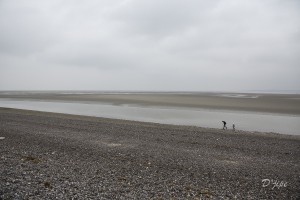 En Baie de Somme, mars 2013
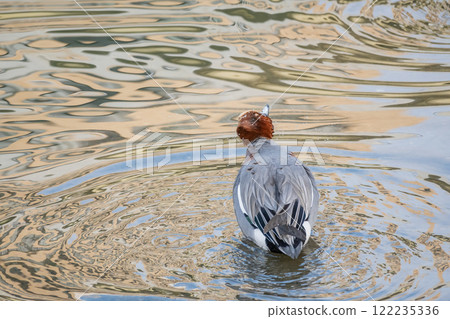 Wigeon (male) Nakanoshima Park, Tosabori River, Osaka City 122235336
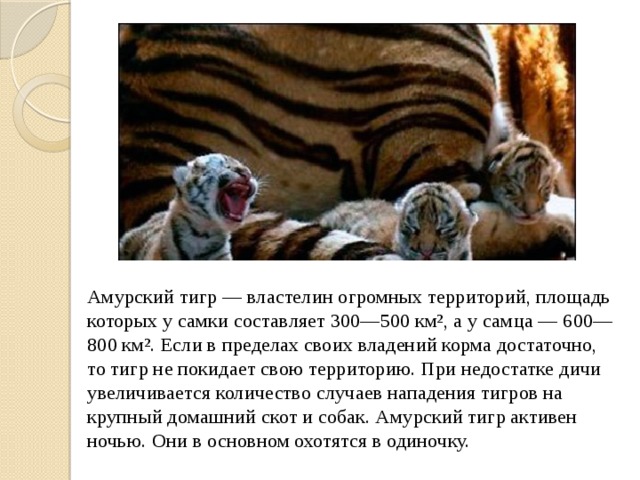  Амурский тигр — властелин огромных территорий, площадь которых у самки составляет 300—500 км², а у самца — 600—800 км². Если в пределах своих владений корма достаточно, то тигр не покидает свою территорию. При недостатке дичи увеличивается количество случаев нападения тигров на крупный домашний скот и собак. Амурский тигр активен ночью. Они в основном охотятся в одиночку.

▶ TASK
An exact retyping of the material, minus the pictures, is the required answer.

▶ RESPONSE TO THE TASK
 En Baie de Somme, mars 2013
 Wigeon (male) Nakanoshima Park, Tosabori River, Osaka City 122235336
  Амурский тигр — властелин огромных территорий, площадь которых у самки составляет 300—500 км², а у самца — 600—800 км². Если в пределах своих владений корма достаточно, то тигр не покидает свою территорию. При недостатке дичи увеличивается количество случаев нападения тигров на крупный домашний скот и собак. Амурский тигр активен ночью. Они в основном охотятся в одиночку.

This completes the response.